Kadvael parle rarement de sa mère ou de sa sœur. Elles n'ont que rarement joué un rôle dans sa vie. Mais pas moins important. Elia, deux ans de plus que lui, n'a jamais eu de vrai contact fraternel avec Kadvael ou même Cor. Toujours fourré dans les pattes de sa mère, elle n'en est sorti que pour se mettre dans celles de son mari, un marchand de Middel-Heim. Un échange de marchandise en somme. Le garçon pense qu'il se serait bien amusé ensemble et qu'il se ressemblait pas mal. Mais cela n'est jamais arrivé, sans vraiment savoir pourquoi. Quand à sa mère, Lysa, leur relation était quelque peu particulière. Elia était sa petite chérie et Cor devait être soutenu dans son importante destinée. Au milieu d'eux, Kadvael ne manquait pas d'affection mais ne voyait que le temps qu'elle passait avec eux. Cette jalousie grossit au fil des années et il en apparu une sorte de distance entre la mère et le fils. Sur son lit de mort, Kadvael devait avoir 12 ans, Lysa lui donna un de ses clous d'oreille. Il n'avait pas grande valeur marchande et n'était pas particulièrement magnifique. Mais elle ne fit qu'un cadeau à ce moment là. Ce ne fût pas à Cor, ni à Elia, ni à son mari mais à Kadvael.
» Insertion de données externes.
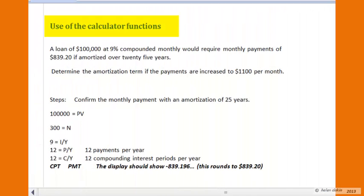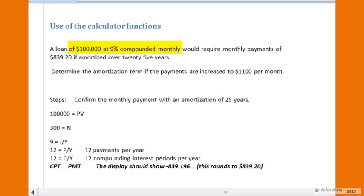On this page we'll discuss use of the built-in calculator functions by doing a slightly different example than an earlier one. We have a loan of $100,000 at 9% compounded monthly, which requires monthly payments of $839.20 if amortized over 25 years. First, we want to confirm that the monthly payment with a 25-year amortization is in fact correct.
De par ce simple geste, Kadvael éleva sa mère au rang d'idole. Personne ne pouvait dire du mal d'elle en sa présence. Cependant il déforma son dernier geste, dans son esprit d'enfant, pour en conclure qu'il était celui que sa mère avait choisi.
« La nature nous a créés avec la faculté de tout désirer et l'impuissance de tout obtenir. »
Cor est mort. Un règne fort apprécié du peuple grâce à la bienveillance de leur défunt gouverneur. Malade, tous le savait condamné depuis un temps déjà. Mais l'annonce de son décès n'en fût pas moins douloureuse pour les Mastrosciens. Même pour son frère. Il était ce qui se rapprochait le plus d'un ami pour Kadvael. Certains prétendent qu'on l'y vit verser quelques larmes aux funérailles. L'information n'a jamais été validé. Cependant ce que l'on peut confirmer avec certitude est ce qui se passa au moment de l'annonce de la mort de son frère.
Toutes mes condoléances pour votre perte. Votre frère Cor vient de mourir. Vous êtes à présent notre Gouverneur.
Ses lèvres s'étirèrent un bref instant, en un fugace sourire. Pour ceux qui aperçurent ce geste, ils n'en comprirent pas le sens profond. Pour certain, c'était la nature diabolique du jeune homme qui apparaissait au grand jour. Pour d'autres, c'était le choc de la nouvelle. D'autres hypothèses furent lancées mais aucun n'approchait la réalité. Au fond de lui, Kadvael fût soulagé. Comme si, enfin, l'ordre naturel des choses s'était remis en place. La frustration, l'envie, la colère, l'incompréhension, … envolé. Gouverneur. Enfin. Ce n'était pas une simple ambition pour lui, mais une réalité qui se devait d'être. Tout simplement.